どこからかあおいビーだまがころがってきて、いけにおちました。「そしたら、そしたら・・」かばがでてきて、くしゃみをしました。「そしたら、そしたら・・」びっくりして「きりん」がでてきました。「そしたら、そしたら・・」こんどは「さる」がでてきて・・。
子どもたちは笑いながら、ついてきました。そして最後のそしたらそしたらで、最初のページに戻ってしまう本当に楽しい絵本です。
柚木沙弥郎さんの鮮やかな絵に、谷川俊太郎さんのまるで詩のように進んでゆく展開はさすがで、 力のある絵と、力のある言葉がうれしくて楽しい一冊です。

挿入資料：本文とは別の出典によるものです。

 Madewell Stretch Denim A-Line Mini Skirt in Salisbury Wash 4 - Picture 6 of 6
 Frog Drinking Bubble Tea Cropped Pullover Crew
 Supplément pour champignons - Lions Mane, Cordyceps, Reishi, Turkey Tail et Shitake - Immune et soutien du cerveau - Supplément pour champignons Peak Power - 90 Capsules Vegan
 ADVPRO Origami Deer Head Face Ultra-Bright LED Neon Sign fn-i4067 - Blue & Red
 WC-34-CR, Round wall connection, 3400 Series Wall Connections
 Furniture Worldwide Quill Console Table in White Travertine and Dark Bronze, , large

おまけとして、家庭ではすごろくで遊べるのがまた嬉しいですね。



ソメコとオニ [ 斎藤隆介・文/滝平二郎・絵 ] 岩崎書店

5歳のソメコは毎日退屈していました。大人たちはだれも相手にしてくれません。そんなある日、遊んでくれた、優しいおじさんに連れられてやってきたのはなんとオニの岩屋でした。つまり、ソメコをさらって、身代金を取ろうとしていたのです。でも、ソメコは思いっきり遊べて大喜びです。たまらないのはオニのほうで遊びにつき合わされて、身代金要求の手紙を書くことさえできません。なんとかソメコの目を盗んで仕上げた手紙に書かれていたのは……
ソメコとオニのやり取りがおかしくて何度となく笑ってしまいます。2月、節分の季節に子ども達と共に楽しみました。

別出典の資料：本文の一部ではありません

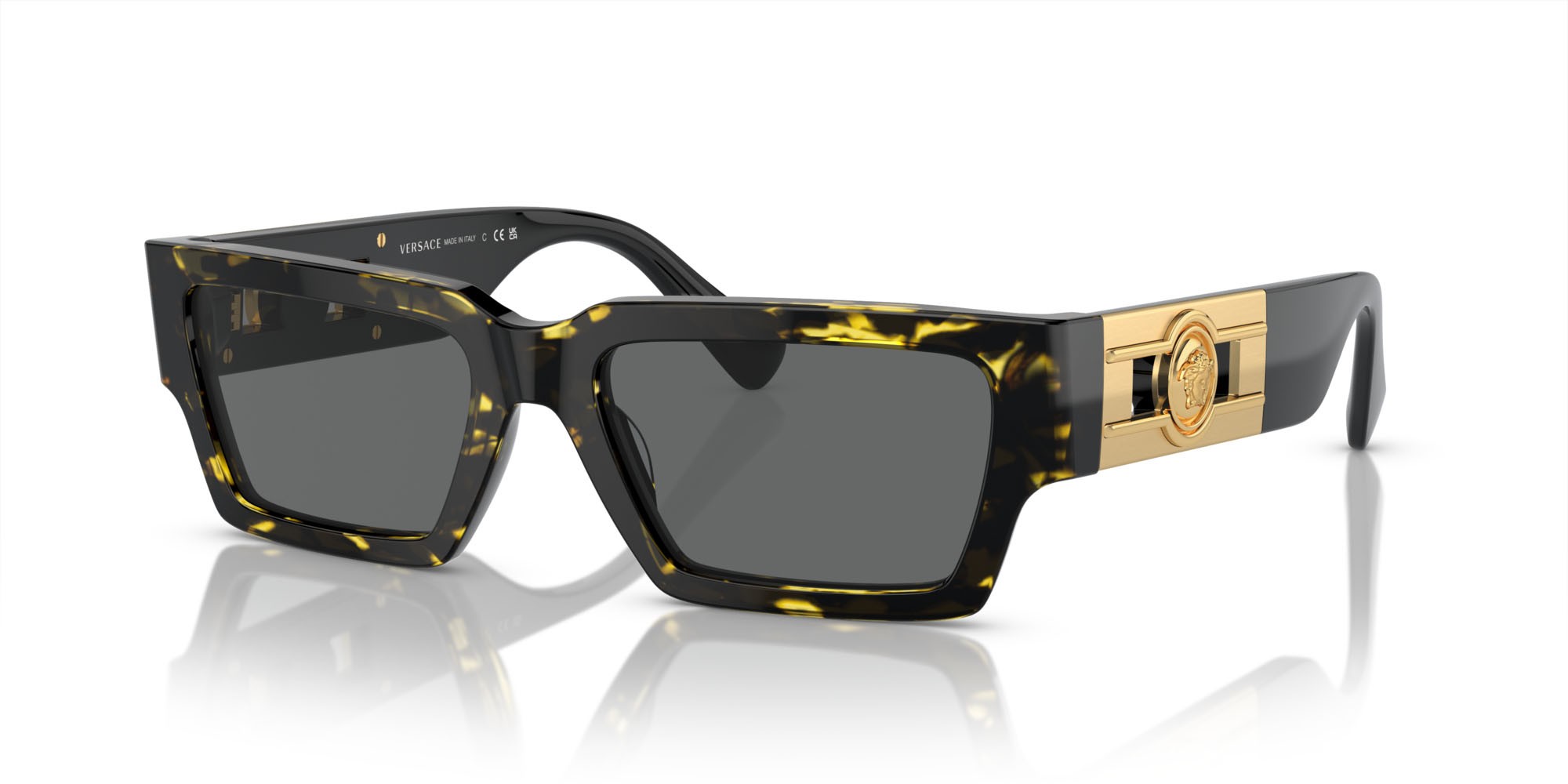 Occhiali da sole Versace VE 4459 (542887) colore havana forma rettangolare lenti grigio scuro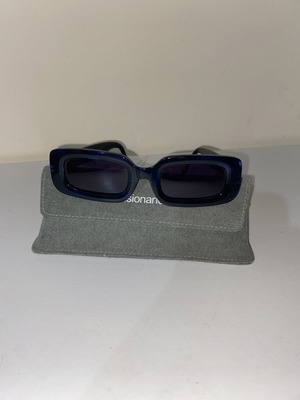 Visionario blue acetate sunglasses with rectangular lenses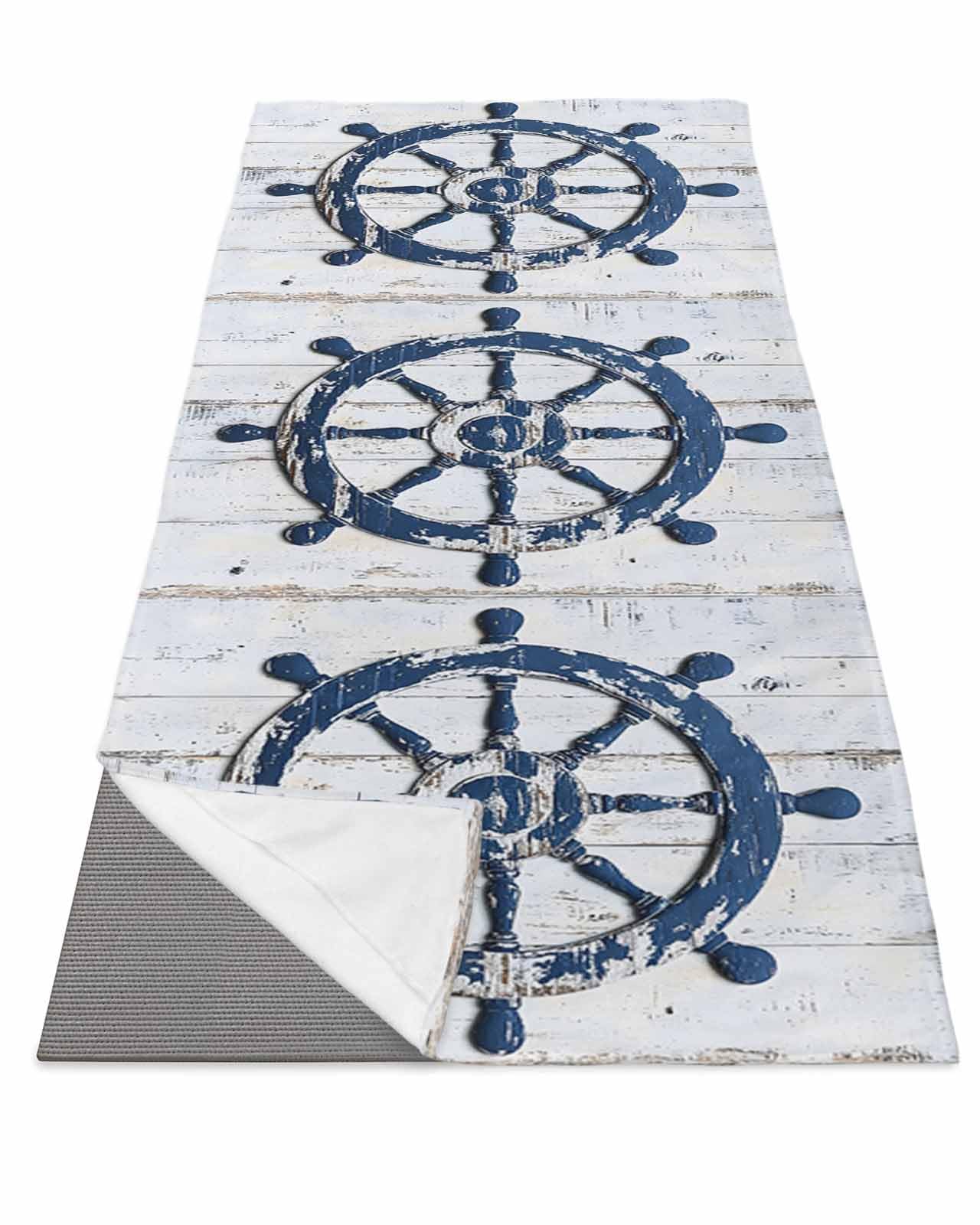 BOSIJOY Yoga Mat Towel,Summer Nautical Blue Sailing Rudder Non Slip Sweat Absorbent Hot Yoga Towels with Corner Pockets,Vintage Wooden Board Soft Microfiber Towel for Pilates Bikram 74
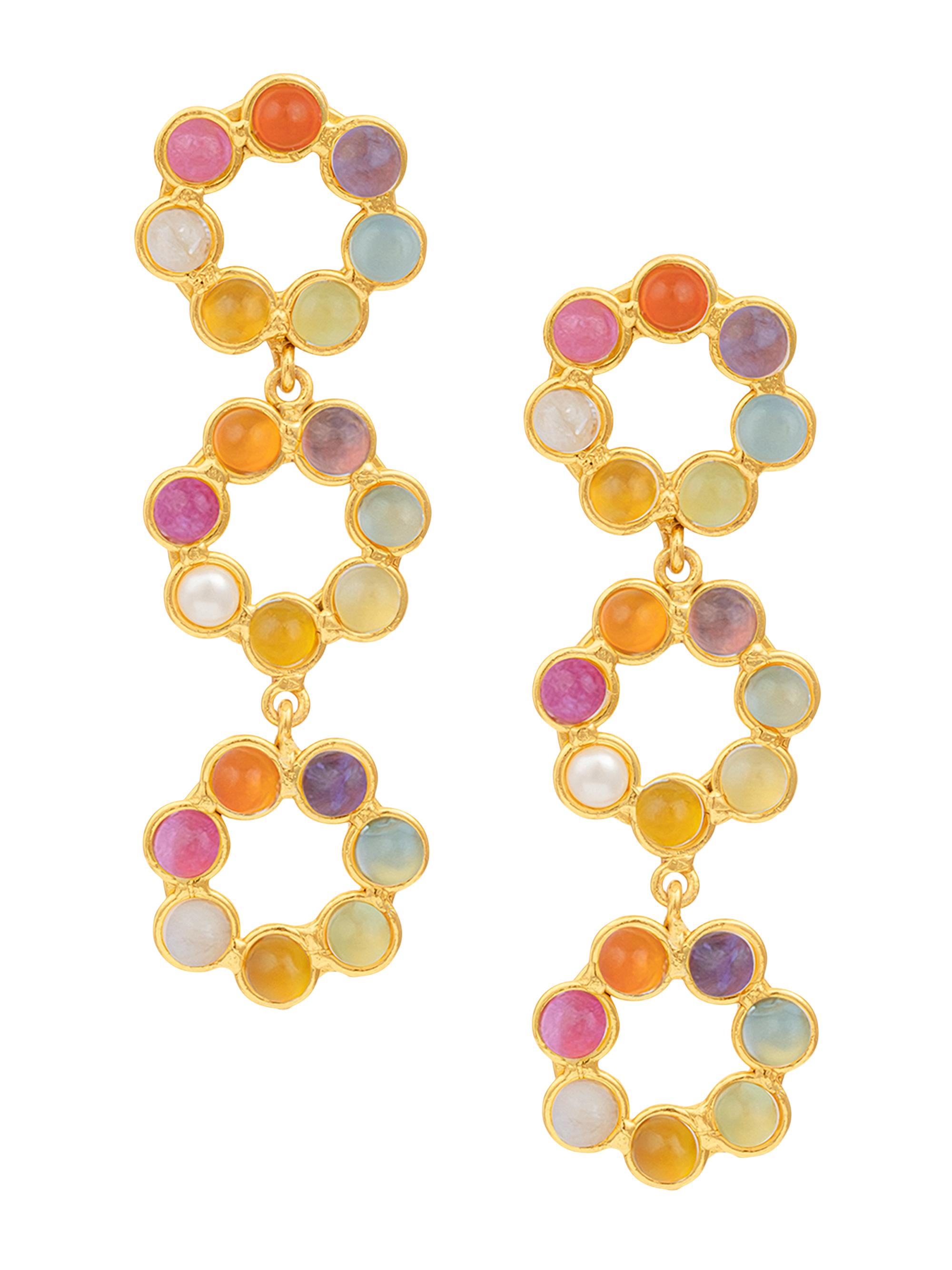 Sylvia Toledano Women's Marguerite 22K-Gold-Plated & Multi-Stone Drop Earrings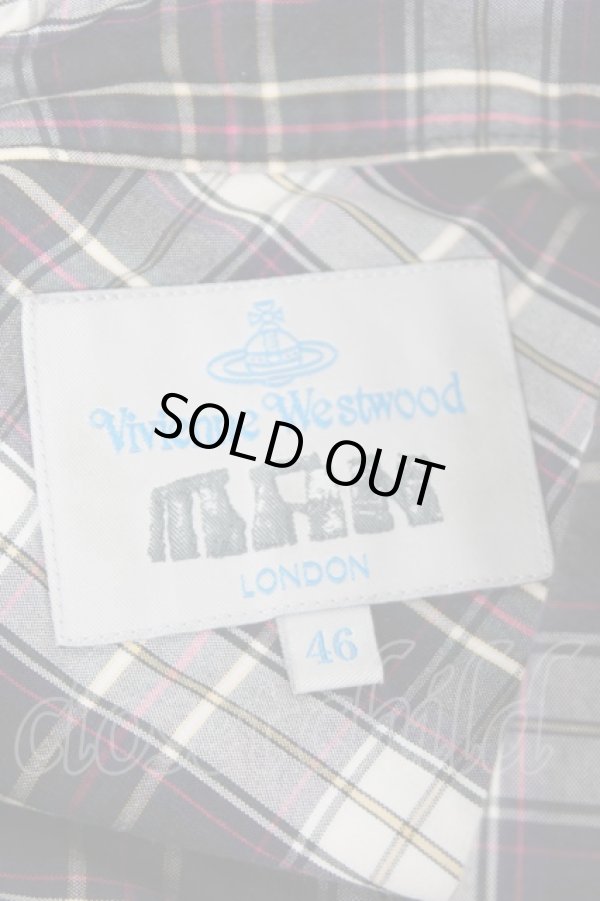 画像9: ヴィヴィアンウエストウッド MAN 中古 / ボンテージデザインチェックシャツ 46 紺ｘグリーンｘ白  Y-26-01-28-018-bl-AS-ZH (9)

そらいろのたね [なかがわりえこ・文/おおむらゆりこ・絵] 福音館書店

お馴染み「ぐりとぐらコンビ」による絵本で、我が家では人気の1冊です。
ゆうじは、野原で模型飛行機を飛ばして遊んでいました。そこへ、きつねが来てその飛行機をほしがりますが、ゆうじは断ります。
そこで、きつねはそらいろのたねと取り替えてくれるよう頼みました。そのたねをゆうじは、家の庭にうめて水をやりました。次の朝になると土の中から豆ぐらいのそらいろの家が出てきました。そして、家はだんだん大きくなっていきました。ひよこやねこ、ぶたが家に入り、ついにはゆうじや友だちも・・まだまだ大きくなって、まだまだ色んな動物が入ってきます!ついに、ゆうじは悲鳴をあげます。とうとう家はくずれはじめて・・・・。 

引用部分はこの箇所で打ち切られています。